America: one nation pretending to be under God
December 28, 2010 § Leave a comment
The United States has always been considered unusually religious compared to the rest of the developed world. This isn’t right. The US isn’t any more religious than secular Europe: rather, it simply pretends to be.
Standard polling techniques have Americans proclaiming considerably higher levels of religious belief and religious practice than their European counterparts. Perhaps the best data of this sort is from Gallup: in their 2009 poll about religion, the US scored much higher than the average developed nations (65% versus 38%). In terms of belief, around 80% of Americans believe that God exists (compare to the UK at 38%, France at 35% or Germany at 47% in the 2005 Eurobarometer poll). Ditto religious behaviour: 40 or so % say they’ve attended church in the last seven days, compared to 20-30% for western Europe.

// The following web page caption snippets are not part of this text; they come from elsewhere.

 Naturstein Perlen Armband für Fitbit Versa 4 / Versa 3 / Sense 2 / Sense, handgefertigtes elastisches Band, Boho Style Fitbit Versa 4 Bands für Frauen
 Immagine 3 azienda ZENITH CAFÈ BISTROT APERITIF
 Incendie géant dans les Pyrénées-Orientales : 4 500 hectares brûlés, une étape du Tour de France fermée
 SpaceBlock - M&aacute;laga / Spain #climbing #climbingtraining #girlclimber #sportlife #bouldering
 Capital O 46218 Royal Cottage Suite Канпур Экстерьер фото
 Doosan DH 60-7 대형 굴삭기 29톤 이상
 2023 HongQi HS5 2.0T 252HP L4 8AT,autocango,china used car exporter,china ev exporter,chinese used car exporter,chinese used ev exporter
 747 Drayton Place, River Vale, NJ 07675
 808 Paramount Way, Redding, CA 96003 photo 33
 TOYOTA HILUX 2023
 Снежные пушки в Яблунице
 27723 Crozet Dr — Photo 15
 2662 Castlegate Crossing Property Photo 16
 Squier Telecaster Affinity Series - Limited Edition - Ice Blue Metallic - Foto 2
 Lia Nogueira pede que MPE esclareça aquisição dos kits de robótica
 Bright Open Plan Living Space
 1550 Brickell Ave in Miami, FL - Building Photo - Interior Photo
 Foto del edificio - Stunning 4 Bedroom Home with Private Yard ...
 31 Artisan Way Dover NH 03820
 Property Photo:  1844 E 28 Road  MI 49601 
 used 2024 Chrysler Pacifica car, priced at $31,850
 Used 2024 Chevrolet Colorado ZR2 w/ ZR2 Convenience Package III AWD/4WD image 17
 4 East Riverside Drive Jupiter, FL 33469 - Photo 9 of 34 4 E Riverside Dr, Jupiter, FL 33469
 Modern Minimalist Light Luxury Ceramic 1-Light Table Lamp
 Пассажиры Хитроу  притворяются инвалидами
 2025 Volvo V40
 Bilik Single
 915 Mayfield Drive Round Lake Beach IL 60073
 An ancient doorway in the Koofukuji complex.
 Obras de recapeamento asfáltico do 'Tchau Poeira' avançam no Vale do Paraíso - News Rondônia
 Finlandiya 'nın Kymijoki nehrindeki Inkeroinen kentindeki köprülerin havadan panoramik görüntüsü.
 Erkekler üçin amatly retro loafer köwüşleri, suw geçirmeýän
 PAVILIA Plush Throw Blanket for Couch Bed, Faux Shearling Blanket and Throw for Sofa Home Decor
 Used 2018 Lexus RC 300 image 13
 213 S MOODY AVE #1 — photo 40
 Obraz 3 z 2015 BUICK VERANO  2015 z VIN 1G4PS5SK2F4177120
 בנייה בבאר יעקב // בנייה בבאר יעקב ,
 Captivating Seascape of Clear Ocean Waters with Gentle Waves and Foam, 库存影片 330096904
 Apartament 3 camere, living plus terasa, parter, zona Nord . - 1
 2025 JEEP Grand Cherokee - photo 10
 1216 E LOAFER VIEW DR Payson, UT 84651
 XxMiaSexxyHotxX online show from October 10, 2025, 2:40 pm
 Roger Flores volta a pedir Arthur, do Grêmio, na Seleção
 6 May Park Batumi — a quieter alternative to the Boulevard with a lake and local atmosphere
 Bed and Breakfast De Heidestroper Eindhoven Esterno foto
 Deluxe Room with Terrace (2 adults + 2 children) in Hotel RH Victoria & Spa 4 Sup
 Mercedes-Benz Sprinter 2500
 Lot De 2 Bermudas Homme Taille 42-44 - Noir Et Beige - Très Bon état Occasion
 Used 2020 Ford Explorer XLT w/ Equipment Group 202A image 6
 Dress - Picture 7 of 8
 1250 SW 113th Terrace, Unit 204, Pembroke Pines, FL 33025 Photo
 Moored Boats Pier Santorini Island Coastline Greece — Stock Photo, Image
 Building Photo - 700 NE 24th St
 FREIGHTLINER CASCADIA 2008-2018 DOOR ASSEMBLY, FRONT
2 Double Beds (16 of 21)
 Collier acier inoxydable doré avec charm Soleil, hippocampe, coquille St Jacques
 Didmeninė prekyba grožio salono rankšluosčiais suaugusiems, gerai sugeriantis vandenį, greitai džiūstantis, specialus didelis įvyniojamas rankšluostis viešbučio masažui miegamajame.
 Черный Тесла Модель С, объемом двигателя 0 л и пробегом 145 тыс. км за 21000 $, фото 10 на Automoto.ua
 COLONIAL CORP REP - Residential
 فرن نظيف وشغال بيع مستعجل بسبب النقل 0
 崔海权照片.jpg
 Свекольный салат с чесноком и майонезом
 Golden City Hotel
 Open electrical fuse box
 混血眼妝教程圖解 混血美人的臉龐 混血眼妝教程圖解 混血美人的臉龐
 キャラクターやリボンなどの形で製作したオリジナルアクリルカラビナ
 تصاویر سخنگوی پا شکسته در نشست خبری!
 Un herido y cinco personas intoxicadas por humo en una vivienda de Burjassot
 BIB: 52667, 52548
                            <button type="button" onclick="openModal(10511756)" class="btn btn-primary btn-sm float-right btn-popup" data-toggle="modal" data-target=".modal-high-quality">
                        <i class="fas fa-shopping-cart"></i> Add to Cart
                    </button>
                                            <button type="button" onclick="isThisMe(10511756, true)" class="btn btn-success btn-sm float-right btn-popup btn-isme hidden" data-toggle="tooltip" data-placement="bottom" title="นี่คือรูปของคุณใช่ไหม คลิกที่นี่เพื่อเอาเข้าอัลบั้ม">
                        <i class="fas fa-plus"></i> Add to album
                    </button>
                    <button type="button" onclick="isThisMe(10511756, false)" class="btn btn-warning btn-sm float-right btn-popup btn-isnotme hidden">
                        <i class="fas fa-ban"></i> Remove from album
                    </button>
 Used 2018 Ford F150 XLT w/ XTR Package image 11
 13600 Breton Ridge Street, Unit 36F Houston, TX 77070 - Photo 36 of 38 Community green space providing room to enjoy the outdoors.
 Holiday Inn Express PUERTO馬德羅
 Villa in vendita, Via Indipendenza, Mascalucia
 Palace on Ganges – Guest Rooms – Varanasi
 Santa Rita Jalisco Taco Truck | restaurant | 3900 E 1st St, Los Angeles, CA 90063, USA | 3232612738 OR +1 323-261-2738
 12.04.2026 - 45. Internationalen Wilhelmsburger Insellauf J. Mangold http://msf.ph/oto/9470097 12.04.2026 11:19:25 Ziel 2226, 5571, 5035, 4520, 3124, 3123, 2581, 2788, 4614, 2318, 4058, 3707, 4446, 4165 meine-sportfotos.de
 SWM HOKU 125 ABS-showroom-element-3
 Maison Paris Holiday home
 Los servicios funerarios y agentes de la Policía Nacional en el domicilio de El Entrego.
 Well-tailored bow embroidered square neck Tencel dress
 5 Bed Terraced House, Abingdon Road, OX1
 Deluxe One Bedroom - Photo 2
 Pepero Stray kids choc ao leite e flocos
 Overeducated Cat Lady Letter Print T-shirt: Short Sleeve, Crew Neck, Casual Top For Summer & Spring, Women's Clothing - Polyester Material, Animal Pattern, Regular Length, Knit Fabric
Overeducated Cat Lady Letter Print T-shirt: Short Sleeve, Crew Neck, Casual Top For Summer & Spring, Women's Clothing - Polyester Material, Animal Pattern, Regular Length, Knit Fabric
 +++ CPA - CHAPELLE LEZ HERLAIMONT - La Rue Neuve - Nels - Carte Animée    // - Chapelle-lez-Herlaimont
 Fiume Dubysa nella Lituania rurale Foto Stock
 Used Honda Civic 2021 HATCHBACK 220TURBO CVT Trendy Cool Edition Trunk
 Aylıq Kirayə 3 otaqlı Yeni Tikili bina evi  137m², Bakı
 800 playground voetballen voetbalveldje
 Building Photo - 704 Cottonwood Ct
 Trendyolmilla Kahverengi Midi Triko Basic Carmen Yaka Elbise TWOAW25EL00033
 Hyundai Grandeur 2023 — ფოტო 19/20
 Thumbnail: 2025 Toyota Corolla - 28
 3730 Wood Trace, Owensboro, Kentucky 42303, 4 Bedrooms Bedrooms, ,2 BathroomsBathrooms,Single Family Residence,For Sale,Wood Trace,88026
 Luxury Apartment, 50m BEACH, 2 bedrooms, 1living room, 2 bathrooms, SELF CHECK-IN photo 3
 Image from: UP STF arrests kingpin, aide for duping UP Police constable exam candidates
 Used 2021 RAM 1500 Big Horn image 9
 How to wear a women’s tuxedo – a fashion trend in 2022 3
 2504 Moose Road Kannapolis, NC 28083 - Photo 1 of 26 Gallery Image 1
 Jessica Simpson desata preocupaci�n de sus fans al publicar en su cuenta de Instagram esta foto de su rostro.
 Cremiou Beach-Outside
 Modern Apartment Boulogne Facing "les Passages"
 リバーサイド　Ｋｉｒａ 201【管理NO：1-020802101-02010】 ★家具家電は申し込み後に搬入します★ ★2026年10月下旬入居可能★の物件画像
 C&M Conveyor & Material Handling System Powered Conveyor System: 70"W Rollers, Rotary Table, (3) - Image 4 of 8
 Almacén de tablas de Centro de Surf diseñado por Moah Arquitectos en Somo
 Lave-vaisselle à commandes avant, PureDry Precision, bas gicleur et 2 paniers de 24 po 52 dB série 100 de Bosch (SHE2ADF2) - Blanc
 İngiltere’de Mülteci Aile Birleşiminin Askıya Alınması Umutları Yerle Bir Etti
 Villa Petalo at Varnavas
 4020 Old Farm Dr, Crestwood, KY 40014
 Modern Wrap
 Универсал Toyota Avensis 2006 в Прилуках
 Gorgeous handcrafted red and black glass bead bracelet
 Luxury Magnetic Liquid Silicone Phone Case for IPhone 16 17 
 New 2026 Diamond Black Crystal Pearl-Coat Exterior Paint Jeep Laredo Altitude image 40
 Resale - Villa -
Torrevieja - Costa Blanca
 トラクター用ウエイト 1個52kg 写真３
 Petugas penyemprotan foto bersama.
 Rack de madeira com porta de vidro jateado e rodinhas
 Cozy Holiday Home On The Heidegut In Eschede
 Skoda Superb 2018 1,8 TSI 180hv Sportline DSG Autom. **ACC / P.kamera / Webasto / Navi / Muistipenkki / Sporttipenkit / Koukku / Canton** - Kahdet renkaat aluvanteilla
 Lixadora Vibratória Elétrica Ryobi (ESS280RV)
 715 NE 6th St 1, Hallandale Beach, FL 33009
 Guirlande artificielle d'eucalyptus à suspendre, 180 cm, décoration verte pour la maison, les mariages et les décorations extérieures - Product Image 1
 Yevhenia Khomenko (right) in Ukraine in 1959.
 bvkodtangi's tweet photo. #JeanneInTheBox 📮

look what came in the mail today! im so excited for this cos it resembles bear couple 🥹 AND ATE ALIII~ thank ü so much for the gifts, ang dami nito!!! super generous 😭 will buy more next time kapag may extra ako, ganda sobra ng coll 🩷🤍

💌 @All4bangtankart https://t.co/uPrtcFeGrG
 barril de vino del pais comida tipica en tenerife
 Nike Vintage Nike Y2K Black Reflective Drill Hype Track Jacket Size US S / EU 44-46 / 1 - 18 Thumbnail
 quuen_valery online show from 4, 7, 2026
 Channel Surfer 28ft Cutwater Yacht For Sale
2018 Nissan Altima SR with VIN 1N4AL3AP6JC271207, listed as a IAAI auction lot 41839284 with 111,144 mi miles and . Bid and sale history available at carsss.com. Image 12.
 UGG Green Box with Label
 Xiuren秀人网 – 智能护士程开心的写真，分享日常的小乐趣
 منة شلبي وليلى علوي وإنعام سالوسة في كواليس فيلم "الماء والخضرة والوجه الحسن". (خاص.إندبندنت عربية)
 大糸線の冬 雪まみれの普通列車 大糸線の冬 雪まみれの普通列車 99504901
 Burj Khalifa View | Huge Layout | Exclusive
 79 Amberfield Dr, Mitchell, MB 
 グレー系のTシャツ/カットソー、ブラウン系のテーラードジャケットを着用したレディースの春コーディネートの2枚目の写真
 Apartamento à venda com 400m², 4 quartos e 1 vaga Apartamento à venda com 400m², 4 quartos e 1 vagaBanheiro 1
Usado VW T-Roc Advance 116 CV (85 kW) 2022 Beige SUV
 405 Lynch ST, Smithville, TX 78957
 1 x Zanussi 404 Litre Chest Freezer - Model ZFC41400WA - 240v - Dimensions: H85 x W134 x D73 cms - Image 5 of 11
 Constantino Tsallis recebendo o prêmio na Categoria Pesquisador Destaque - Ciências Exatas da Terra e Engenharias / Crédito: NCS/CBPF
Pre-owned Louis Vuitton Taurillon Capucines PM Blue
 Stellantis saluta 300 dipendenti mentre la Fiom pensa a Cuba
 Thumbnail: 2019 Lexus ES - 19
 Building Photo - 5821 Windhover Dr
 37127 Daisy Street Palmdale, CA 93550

One question was whether these differences represented Americans really praying more or filling church pews more often than the Europeans, or just them saying they did. People tend to slant their responses to those that paint them in the most socially desirable light – perhaps if profession to religiousity had different social consequences between the ‘States and Europe, then this might explain the different patterns of response.
There are a few ways of settling the question properly. One approach is to do ‘time-use’ interviews where you simply ask what someone did each day of a week, and then see who mentions church. If interviewees aren’t asked directly about religious participation, it’s fairly unlikely they would make an episode up for self-portrayal purposes. The second is to compare results between interviewer given tests and those of anonymous questionaires – the latter reduce social desirability. Another, elegant, test to simply assess the size of congregations: whether the number of people actually at church in a given week matches up to those who say they go weekly.
The results all show Americans over report their religious practices, and the ‘real’ figures of religious practice closely mirror those of Europe. ‘Time-use’ interviews give religious practice at around 24-25% for Americans – unremarkable and in line with European countries. What is remarkable is the degree of over reporting, of the order of 10 to 18% (the runner up is Ireland, with 2-4%) (Brenner Forthcoming). Comparing interviewer to anonymous surveys gives a similar story – the interviewer reported rates are far higher than those reported anonymously (and, interesting, although interviewer-report has remained fairly constant at 40%, self report shows a creeping trend of secularization) (Presser and Stinson 1998). Looking at bums on pews reveals a similar picture: congregation numbers suggest around 22% regularly attend religious services (Hadaway and Marler 2005).
America is an outlier in the western world about it’s religious practice. But it’s not an outlier in it’s level of religious practice; it’s an outlier in how much it lies about it.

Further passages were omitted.